Collected data:
+ + + + + + +
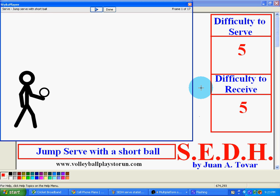Hello, this is Coach Tomar from VolleyballPlaysToRun.com. This is the jump serve with a short ball. This is a 5-5 rating.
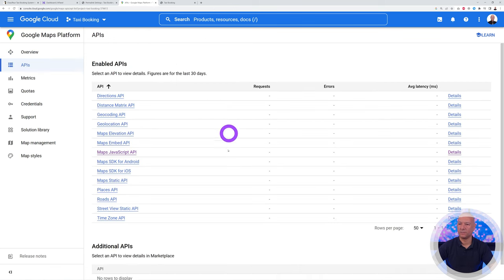Under Availability, set which days the vehicle is available — all seven days or specific days like Monday to Friday. You can also exclude specific dates such as holidays. Click Publish. Back in the vehicles list you can see all your vehicles with their images and pricing structure at a glance.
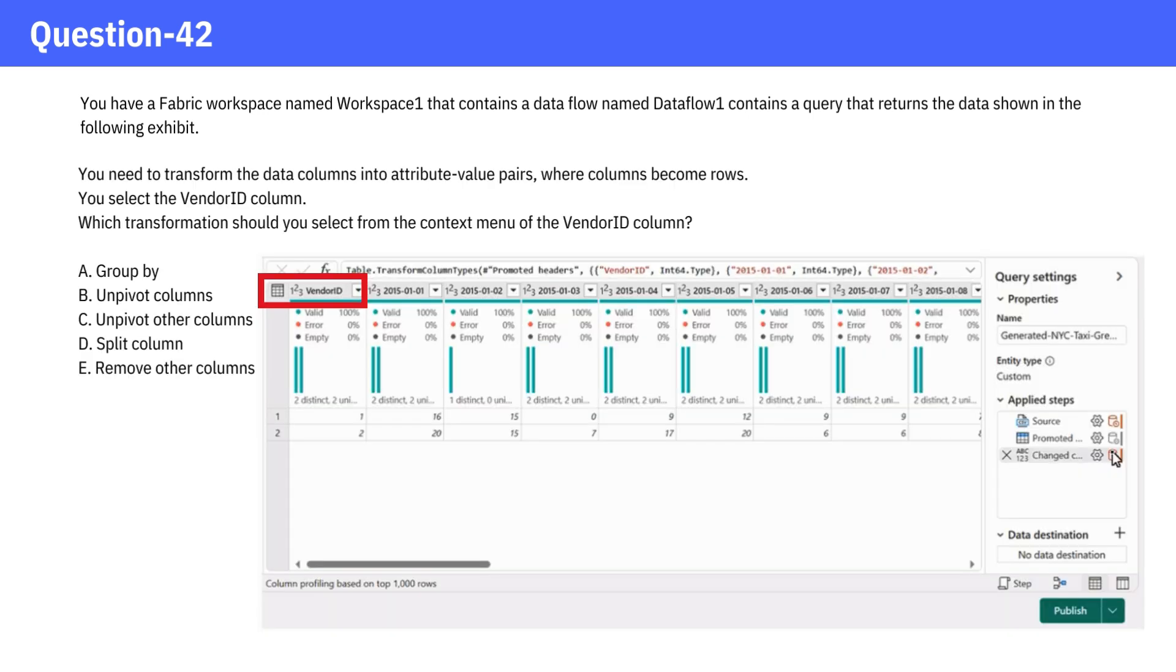You need to transform the data columns into attribute value pairs where columns become rows. You select the Vendor ID column. Which transformation should you select from the context menu of the Vendor ID column?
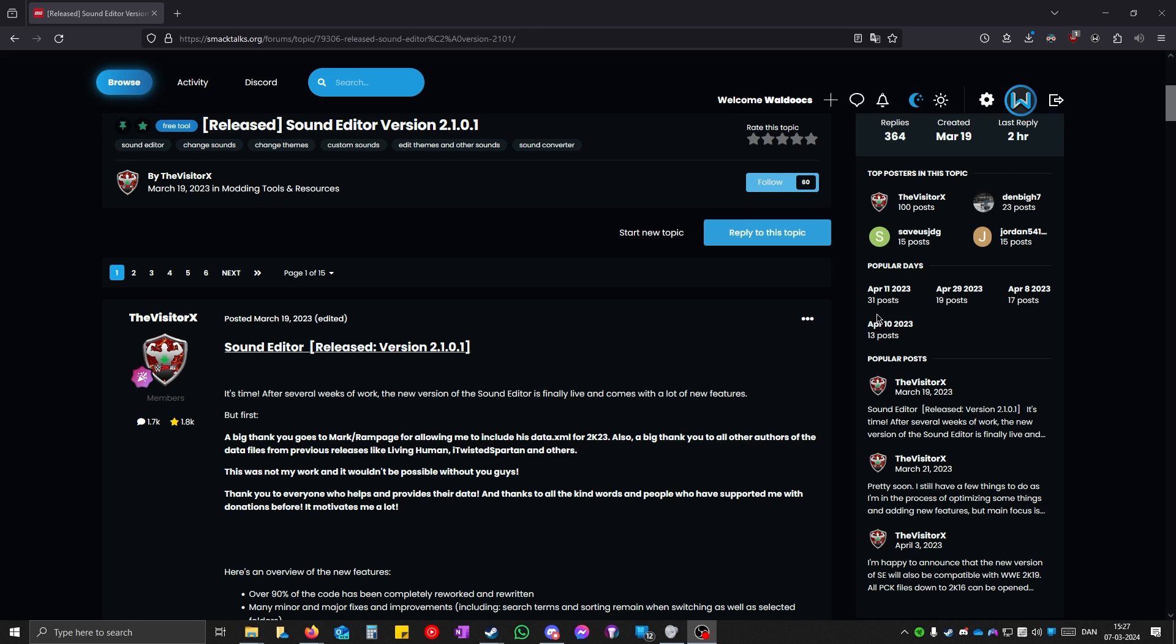Hello, today I'm going to show you how to get custom music in WWE 2K24. This method only replaces in-game music, existing music, and generic themes.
+ + + + + + +
Your assignment: The answer is those lines of the material above that run from the one containing "Under Availability, set" up to and including the one containing "You need to", restated exactly and without images.

Answer to the exercise:
Under Availability, set which days the vehicle is available — all seven days or specific days like Monday to Friday. You can also exclude specific dates such as holidays. Click Publish. Back in the vehicles list you can see all your vehicles with their images and pricing structure at a glance.
You need to transform the data columns into attribute value pairs where columns become rows. You select the Vendor ID column. Which transformation should you select from the context menu of the Vendor ID column?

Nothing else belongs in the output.